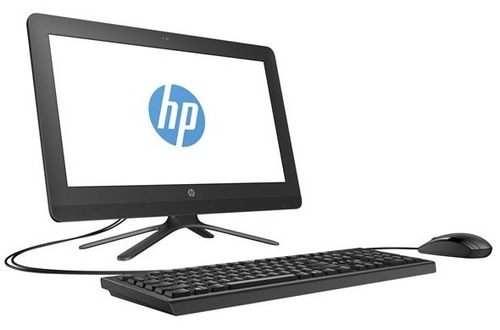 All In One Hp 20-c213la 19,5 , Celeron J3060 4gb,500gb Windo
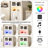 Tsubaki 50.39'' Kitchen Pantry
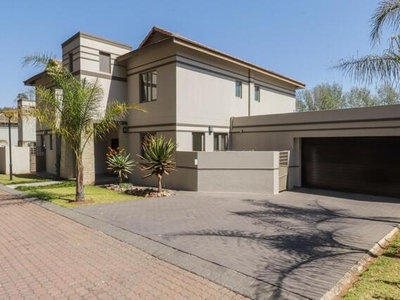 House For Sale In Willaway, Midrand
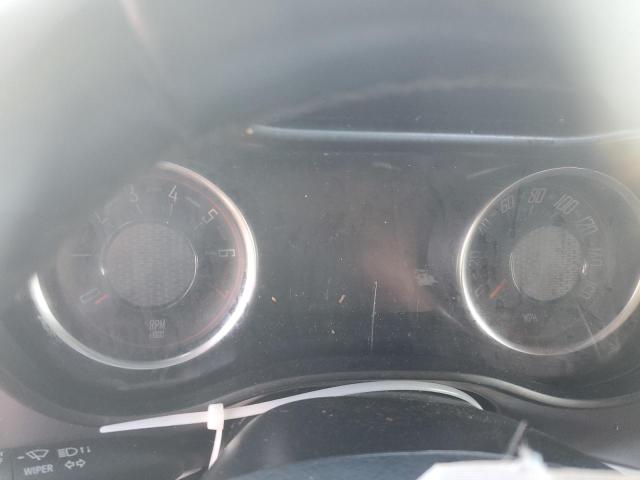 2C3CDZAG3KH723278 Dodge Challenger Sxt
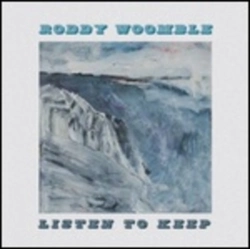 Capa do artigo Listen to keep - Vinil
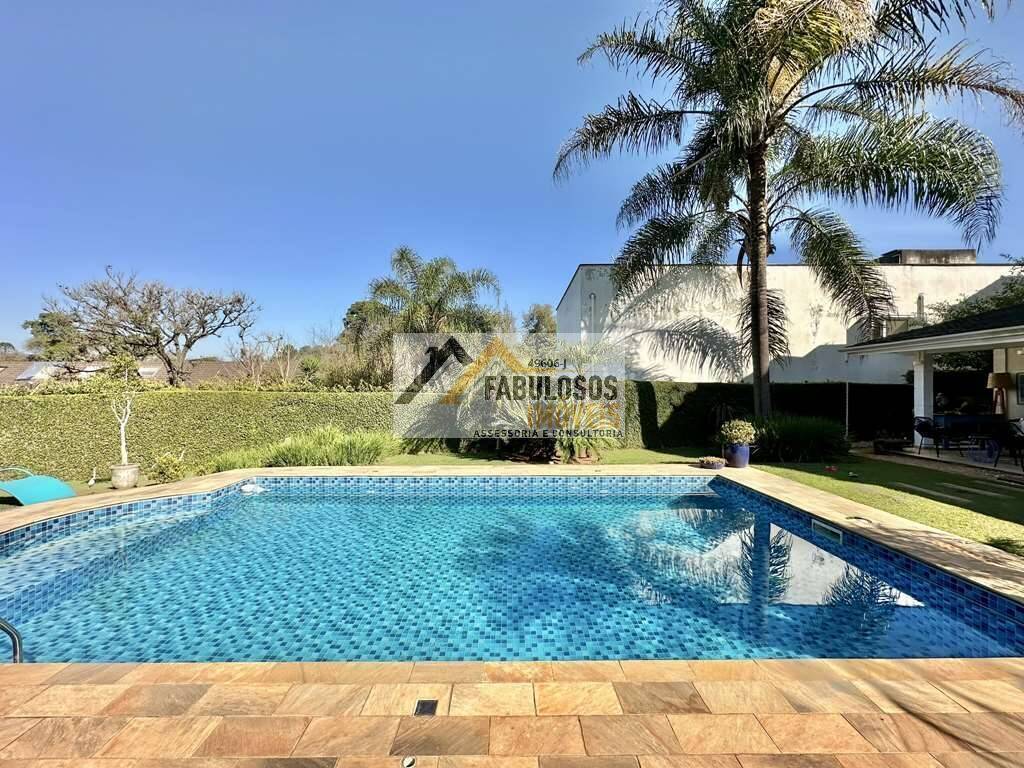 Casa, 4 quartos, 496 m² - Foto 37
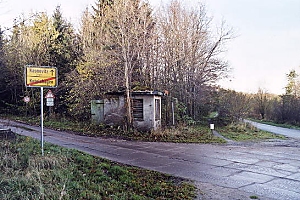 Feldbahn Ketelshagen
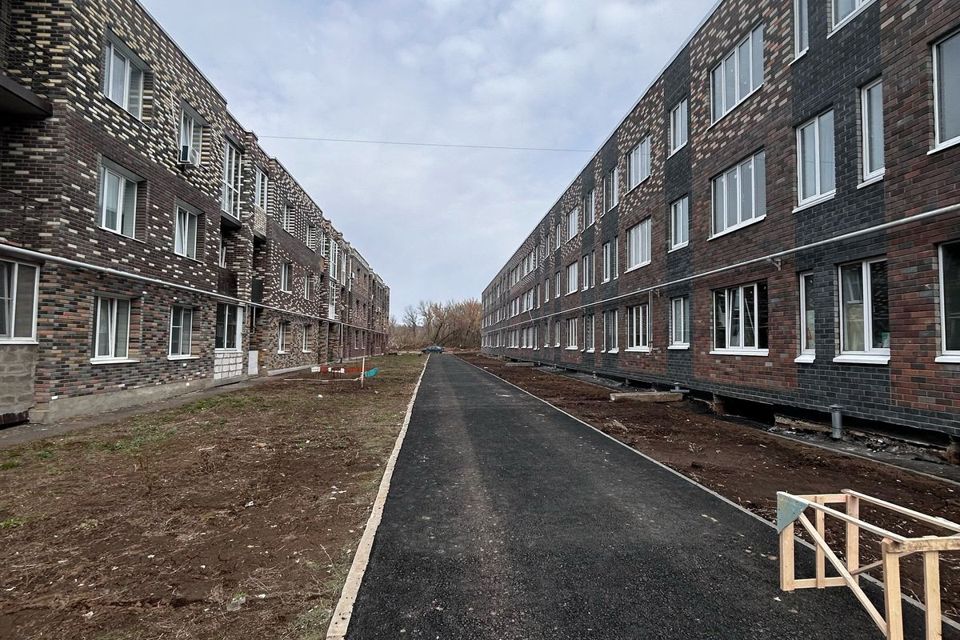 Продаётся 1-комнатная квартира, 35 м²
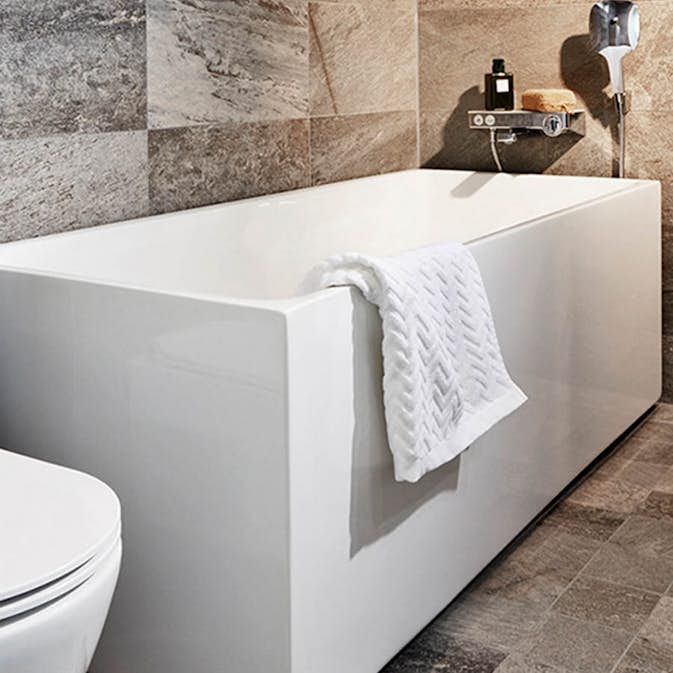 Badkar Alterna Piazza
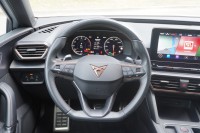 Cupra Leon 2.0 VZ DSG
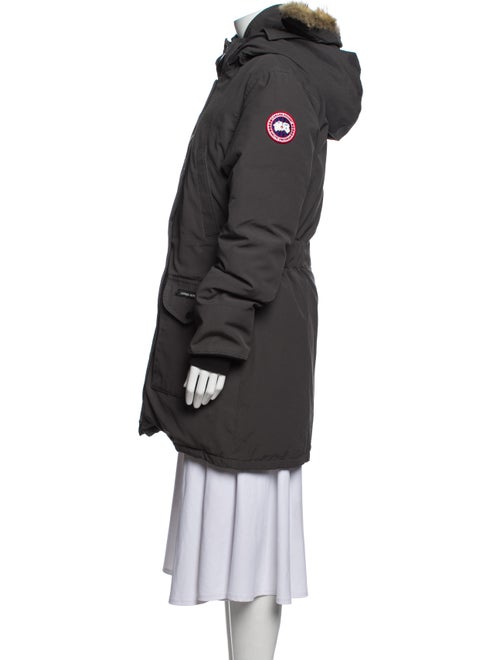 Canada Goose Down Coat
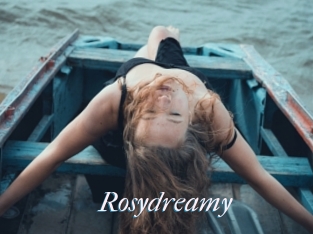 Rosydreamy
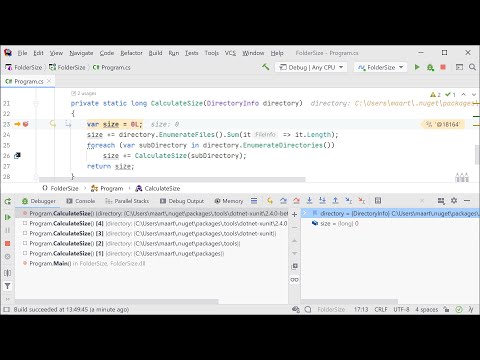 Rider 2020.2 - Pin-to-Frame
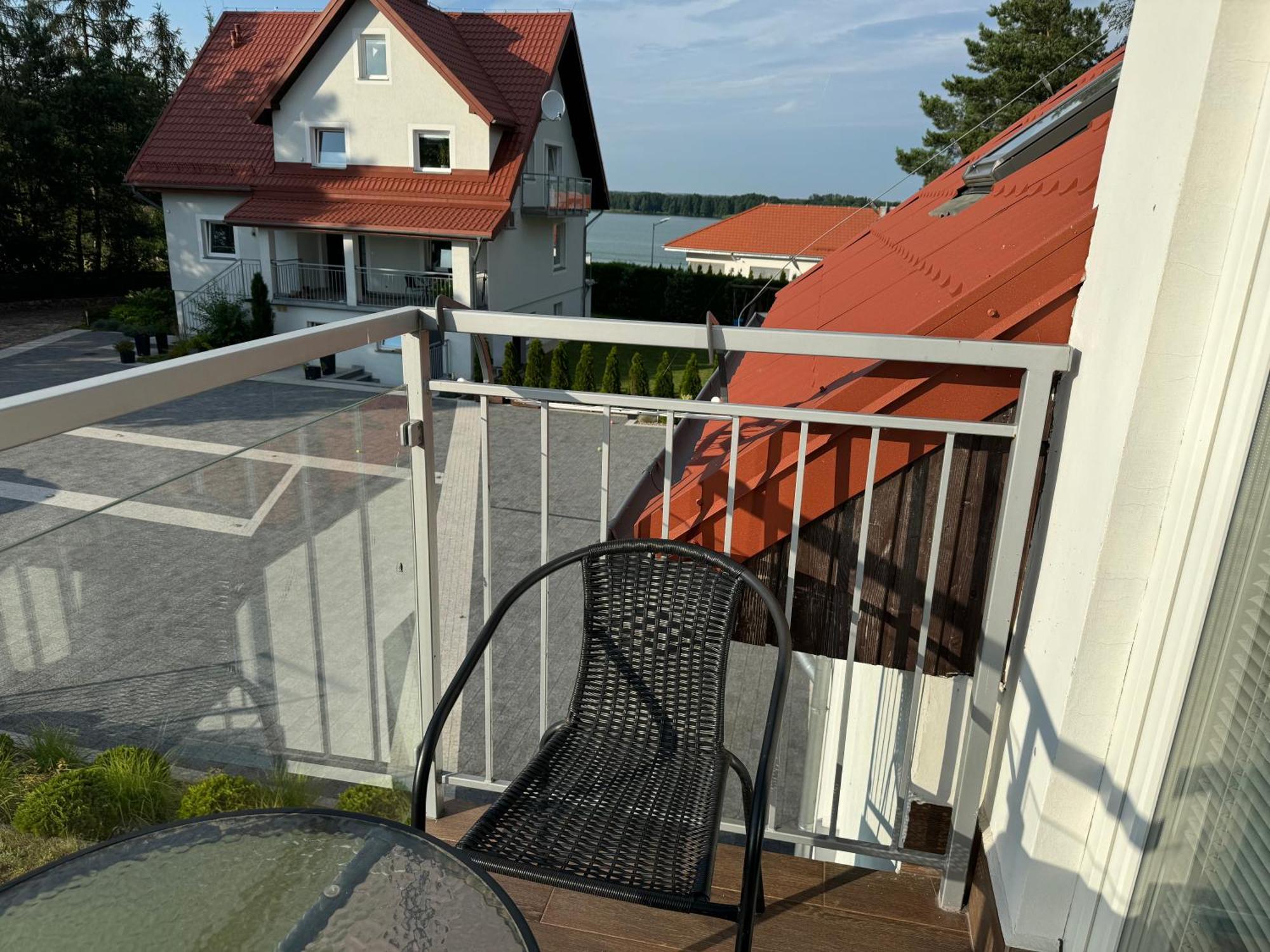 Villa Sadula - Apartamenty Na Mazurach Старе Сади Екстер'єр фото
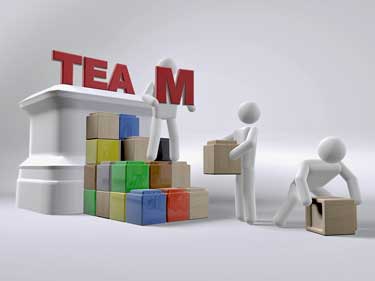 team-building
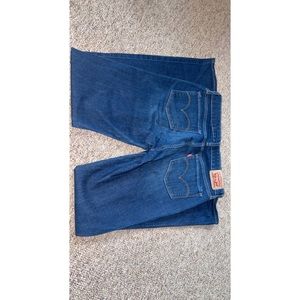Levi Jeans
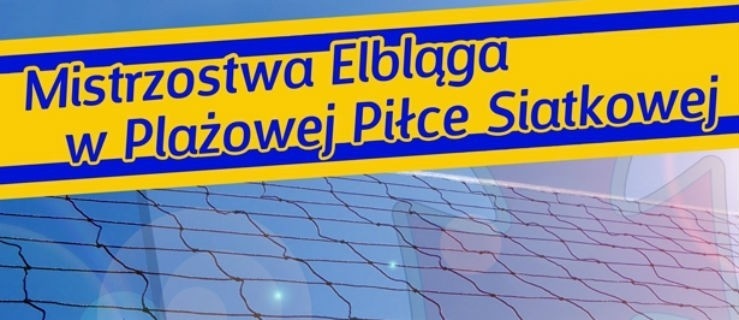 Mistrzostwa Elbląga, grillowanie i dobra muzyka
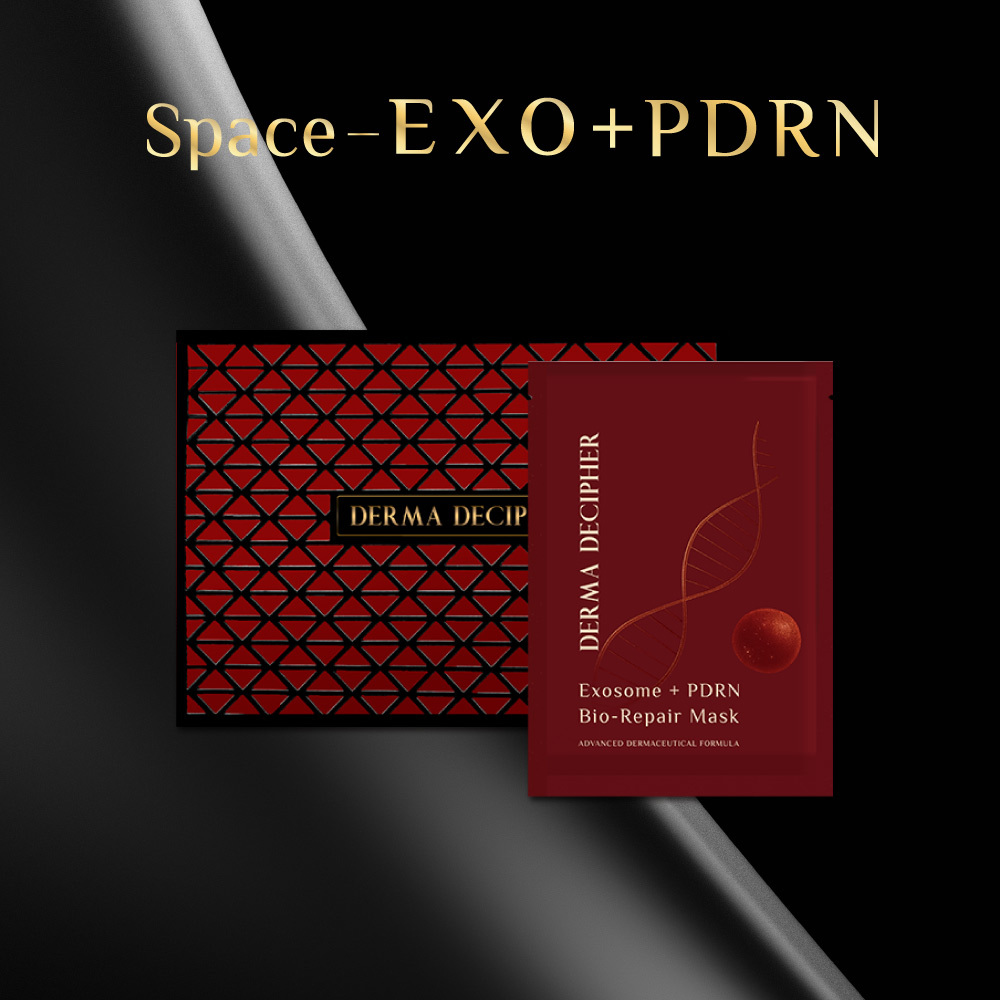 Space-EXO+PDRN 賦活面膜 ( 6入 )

● ● ● ● ● ● ●

• _TASK STATEMENT_
Could you return the whole listing exactly, with every picture removed?

• _SOLUTION TO THIS TASK_
 All In One Hp 20-c213la 19,5 , Celeron J3060 4gb,500gb Windo
 Tsubaki 50.39'' Kitchen Pantry
 House For Sale In Willaway, Midrand
 2C3CDZAG3KH723278 Dodge Challenger Sxt
 Capa do artigo Listen to keep - Vinil
 Casa, 4 quartos, 496 m² - Foto 37
 Feldbahn Ketelshagen
 Продаётся 1-комнатная квартира, 35 м²
 Badkar Alterna Piazza
 Cupra Leon 2.0 VZ DSG
 Canada Goose Down Coat
 Rosydreamy
 Rider 2020.2 - Pin-to-Frame
 Villa Sadula - Apartamenty Na Mazurach Старе Сади Екстер'єр фото
 team-building
Levi Jeans
 Mistrzostwa Elbląga, grillowanie i dobra muzyka
 Space-EXO+PDRN 賦活面膜 ( 6入 )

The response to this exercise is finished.